Wolfeboro Candidates Night well-attended
March 04, 2010
WOLFEBORO — Candidates running in the contested races for seats on the Board of Selectmen, police commissioner and school board stood up to answer questions in the nearly full Skylight Dining Room at the Region 9 Vocational Center on Tuesday, March 2.
Zach Tarter, president of the Wolfeboro Area Chamber of Commerce, opened the evening's program with introductions of the moderator, Steve Guyer, principal of the Vocational Center, and the candidates.
Laurie Jones, Charlene Seibel, Chuck Storm and Gary Watson are running for the one spot of the Board of Selectmen; Incumbent Diane Drelick and William Piekut are on the ballot for the school board position; and Ron Goodgame, George Hutchinson, Sr., and incumbent Ben Ladd are vying for the seat on the Wolfeboro Police Commission.
Piekut and Hutchinson both were unavailable for questions, and sent their regrets.
Suzanne Ryan asked candidates how they would improve the management of the finances of whatever department they would represent and asked for their priorities.
Laurie Jones replied that she had not been involved in the process, so would need to learn more before answering that question specifically, but cited her experience as a business owner.
Charlene Seibel pointed to Article 18, which proposes a professional evaluation of the conditions of four town buildings and the solid waste facility, as a good place to start in prioritizing what is needed to do and when.
Chuck Storm commented that for one, he does not think the town needs to spend $134,454 for bathhouse improvements at Brewster and Carry Beaches as described in Article 16. Speaking as a handicapped person, he feels that ADA approved portapotties would be sufficient.
Gary Watson commented that there were big jumps in some items in the budget that were too much with the present economy.
Drelick said that the school building project in the budget is producing a good product, but added that she would favor more local control.
According to Ben Ladd the police budget has stayed close to zero, except for mandated costs (90 percent of the budget is for payroll). He added that the department has pursued available grants successfully and will continue to do so.
"The police department is the first line of defense," said Goodgame, "and it's only five percent of the budget." He said that he thinks the Police Benevolent Association is important and promised to give his $600 salary to it, if he is elected.
Other questions pertaining to finances were the idea of privatizing the Municipal Electric company, to which Jones responded yes and the others expressed the need for a cost/benefit analysis, and whether the town should impose user fees for boat launches and the tennis courts, which none of the selectman candidates supported.
The future of Brewster Memorial Hall was raised by Joyce Davis.
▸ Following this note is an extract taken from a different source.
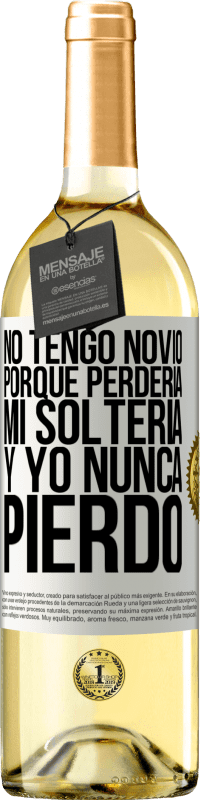 Envío gratis | Vino Blanco Edición WHITE No tengo novio porque perdería mi soltería y yo nunca pierdo Etiqueta Blanca. Etiqueta personalizable Vino joven Cosecha 2023 Verdejo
Watson was against it, citing parking issues and stating a preference for a single story building: Jones said she would like to see a couple of bids and would like to see private money involved. Seibel said she would work to build consensus on both the board and in the community. To her the issue as "morally and ethically correct" and pointed out that the master plan recommends the preservation of historic buildings.
Storm, who has served on a town hall study committee, recalled that votes on proposals for Brewster Memorial Hall have always received more that competing plans and said that it provides enough space. If elected, he would give it "full effort."
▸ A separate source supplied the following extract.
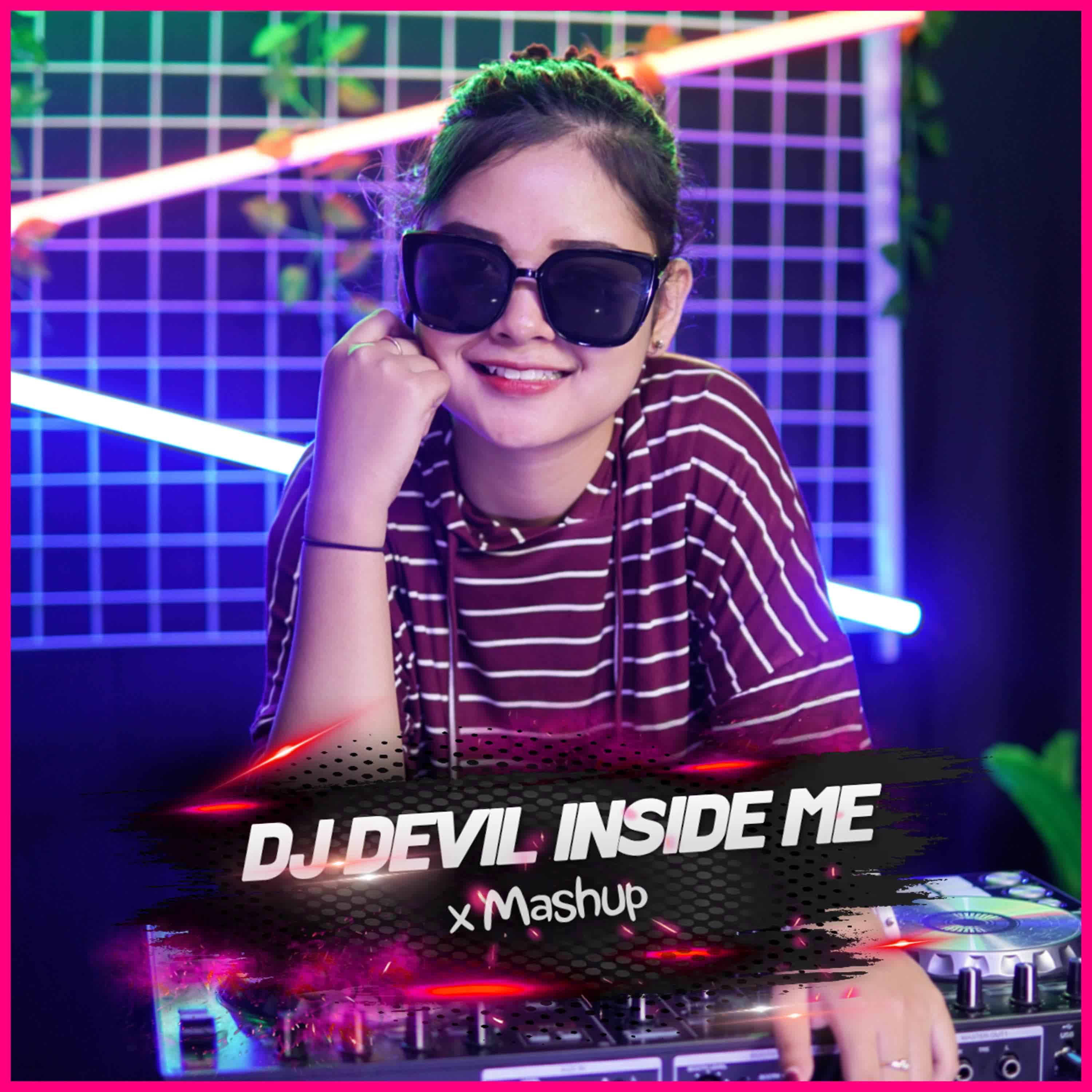 Постер альбома DJ Devil Inside Me x Mashup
Opinions were sought on Article 9, to abolish the Historic District Commission, along with the question of whether candidates might support Article 10, which asks voters to create a second historic district commission.
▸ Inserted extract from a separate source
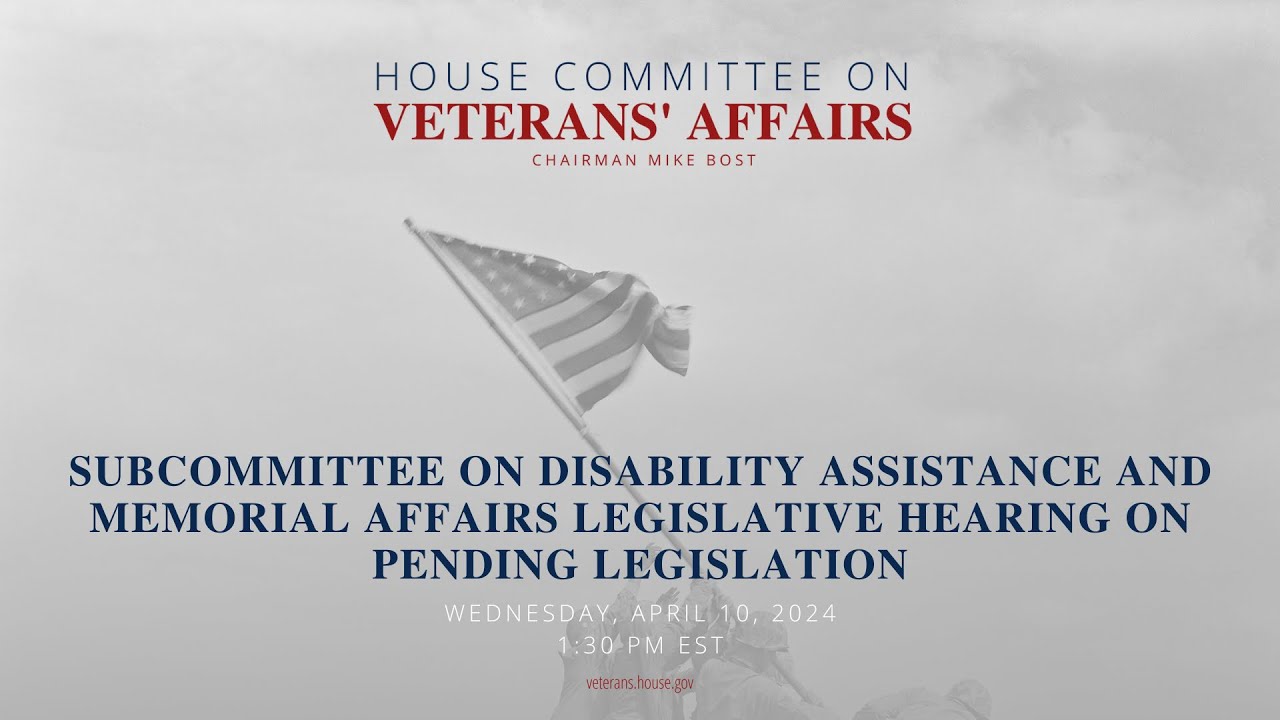 Subcommittee on Disability Assistance and Memorial Affairs Legislative Hearing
Only Watson said he would abolish the present commission, and he did not comment on Article 10. Storm pointed out that it is the selectmen's job to see it is run correctly. Seibel said that she sees the current controversies as part of a transition phase from a more "neighborly" style to a board that is more closely following land use procedures.
When asked about committing time for the homework that goes along with the jobs they are running for, and a commitment to attendance at meetings, all candidates said they were cognizant of the demands and ready to serve fully.